Techniquement ou physiquement rien n'empêche une femme de tailler du silex. Il s'agit d'enregistrer une série de gestes, d'exécuter une série d'opérations pour atteindre le but fixé, comprendre ce que l'on peut tirer d'un rognon, d'un bloc de silex, savoir le maintenir, l'entretenir mais avant tout le choisir.
Tailler le silex n'est pas plus difficile que de chasser un renne ou conduire une voiture ou encore abattre un arbre, c'est une question d'apprentissage, puis d'exécuter les bons gestes au moment opportun. Pourquoi les femmes n'y arriveraient-elles pas?
D'après nos connaissances archéologiques actuelles, on ne sait toujours pas qui taillaient le silex, uniquement les hommes, uniquement les femmes, ou les deux? Est-ce que certaines opérations n'étaient faites que par des hommes et d'autres par des femmes? Alain Testart pensait, sur la base de nombreuses observations ethnographiques, que ce qui est lié, associé au sang est une activité masculine, de ce fait les instruments de chasse étaient produits par des hommes. Les autres instruments par contre pouvaient très bien avoir été produits par des femmes.
Si l'on ne sait pas qui taillaient les silex, on peut cependant observer l'activité d'enfants, de débutants, d'apprentis ou des personnes plus habiles que d'autres. Par exemple, un nucléus (bloc de silex taillé) à l'écart d'autres lieux d'activités et portant de nombreuses marques d'impacts, constitue un indice d'autant plus s'il est associé à des éclats dont aucun n'a été transformé en outil. On interprète cette situation comme résultant du travail d'un enfant, d'un tailleur débutant. L'enfant imite les gestes qu'il voit, il tape donc sur le bloc de silex, parfois un éclat se détache, parfois rien ne se passe, il s'acharne, il tape et il tape encore, jusqu'à ce qu'il parvienne à détacher un éclat. C'est cette succession de gestes qui font qu'un nucléus peut porter de multiples traces d'impacts.

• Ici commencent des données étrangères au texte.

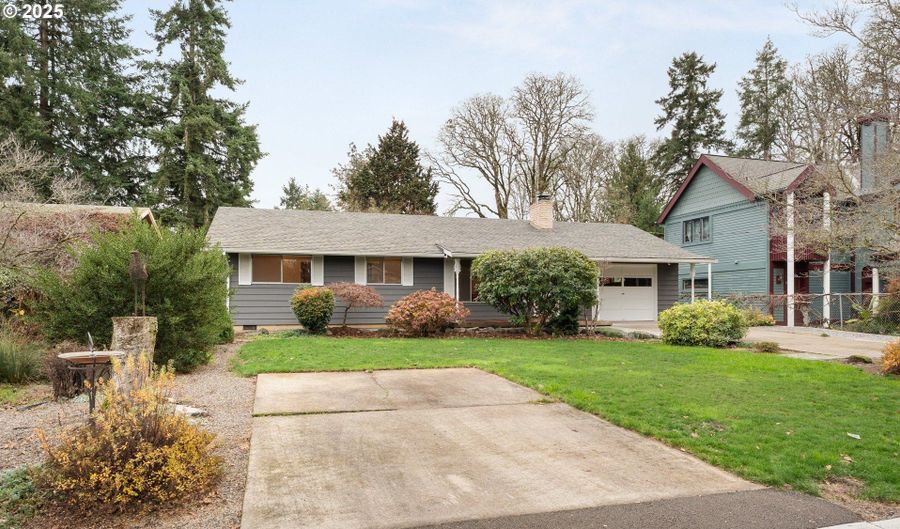 16600 SW FLORENCE St, Beaverton, OR 97078 - 3 Beds, 2 Bath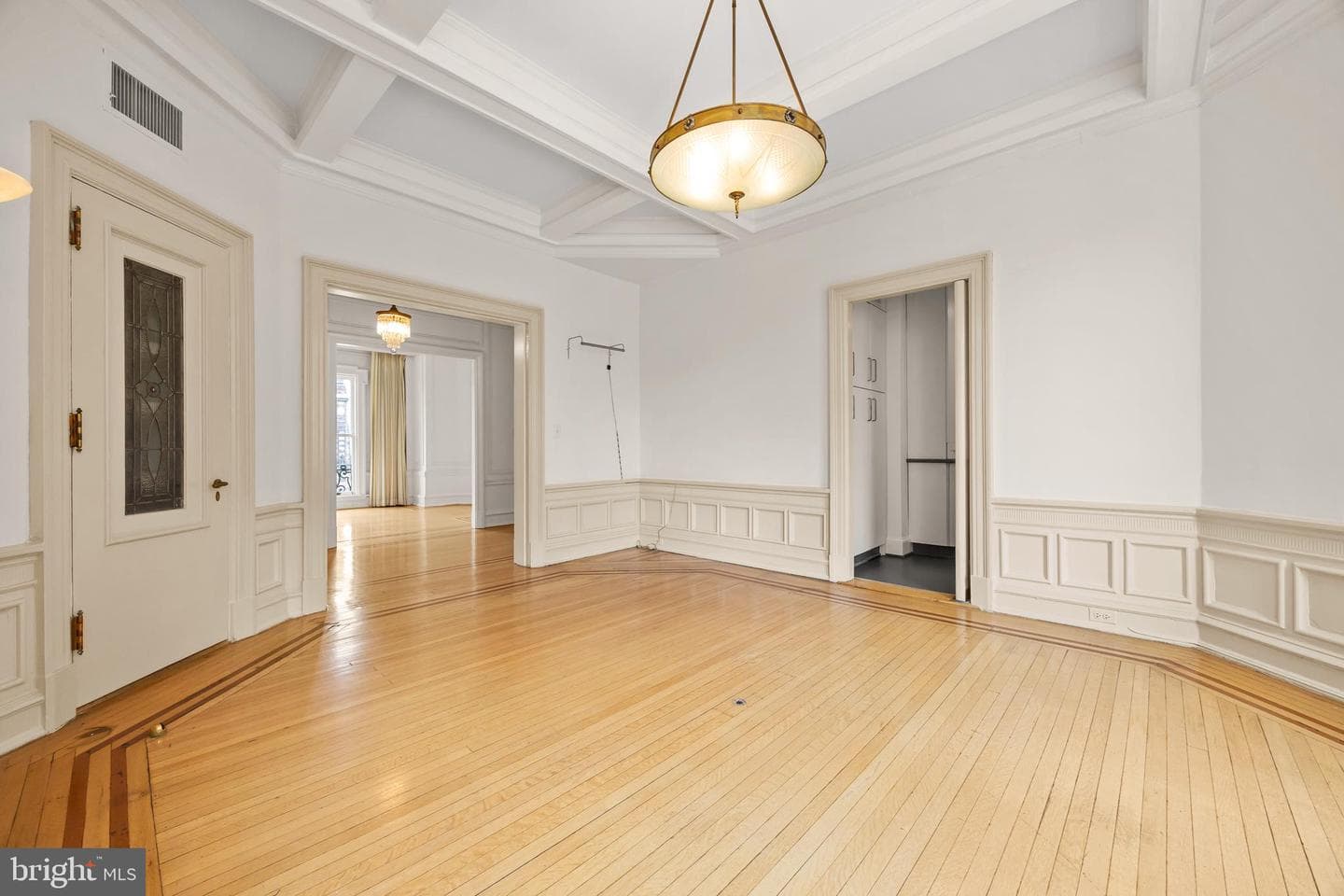 700 Washington Place #4b photo 47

Si l'on observe des gestes maladroits, des accidents de taille répétés, mais aussi une ébauche d'entretien et de réparation des accidents, on attribuera cela au travail d'un apprenti, car certaines notions sont intégrées (comme la réparation d'erreur) et d'autres pas encore (d'où la répétition des erreurs).
Si l'on revient au travail des femmes, il faut savoir qu'aujourd'hui encore les femmes Tchoutchkes taillent des pierres pour obtenir les grattoirs qu'elles serviront pour le travail des peaux (voir le film Dans la peau de mon renne de Sylvie Beyries, Claudine Karlin et Youry Tchesnokov). Ces femmes possèdent un grand bloc de pierre duquel elles tireront au besoin un ou plusieurs éclats qu'elles vont aménager en grattoir. Un angle, un tranchant aigu le rendent efficace. De temps à autres elles réaffûtent le grattoir, c'est à dire quelles détachent de petits éclats sur son tranchant pour le rendre à nouveau fonctionnel. Un seul grattoir peut ainsi servir à gratter des dizaines de peaux!

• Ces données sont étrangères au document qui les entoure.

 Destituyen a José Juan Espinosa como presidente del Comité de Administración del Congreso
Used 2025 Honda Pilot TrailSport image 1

Cet exemple peut nous suggérer que les préhistoriques qui avaient une tâche spécifique à accomplir taillaient les outils dont ils avaient besoin. On pose l'hypothèse que des femmes taillaient les grattoirs et les couteaux qui leur servaient au travail des peaux et les hommes taillaient les instruments qui étaient lié à la chasse; dans ce cas un nucléus qui a fournit des grattoirs (pour le travail des peaux) et des burins (instrument qui servait entre autre à rainurer les bois de renne pour en extraire les pointes des sagaies utilisées à la chasse) a-t-il été taillé par un homme ou par une femme ou par l'un et l'autre successivement?
Finalement on ne sait toujours pas qui (homme ou femme) a fait quoi. Peut-être qu'un jour on pourra retrouver l'ADN d'un/e tailleur/se de silex sur un éclat, mais je rêve sans doute :-)
Finalement à quoi cela sert-il de savoir qui taillait le silex ou n'est-il pas plus important de savoir pourquoi et comment? Bon la deuxième conjecture permet au moins d'avoir des réponses, l'histoire de l'importance par contre n'a pas lieu d'être, il y a des questions auxquelles on peut répondre et d'autres pas encore, et elles n'ont pas à être hiérarchisées. Et ne pas trouver de réponses, ou ne pas avoir les moyens d'y répondre c'est bien, c'est par des questions venant de partout, allant dans tous les sens que la science avance, c'est aussi avec des hypothèses farfelues parfois, des hypothèses qui ouvrent des portes à de nouvelles recherches que l'on trouve des solutions ou des réponses à des endroits où on ne les attendaient pas.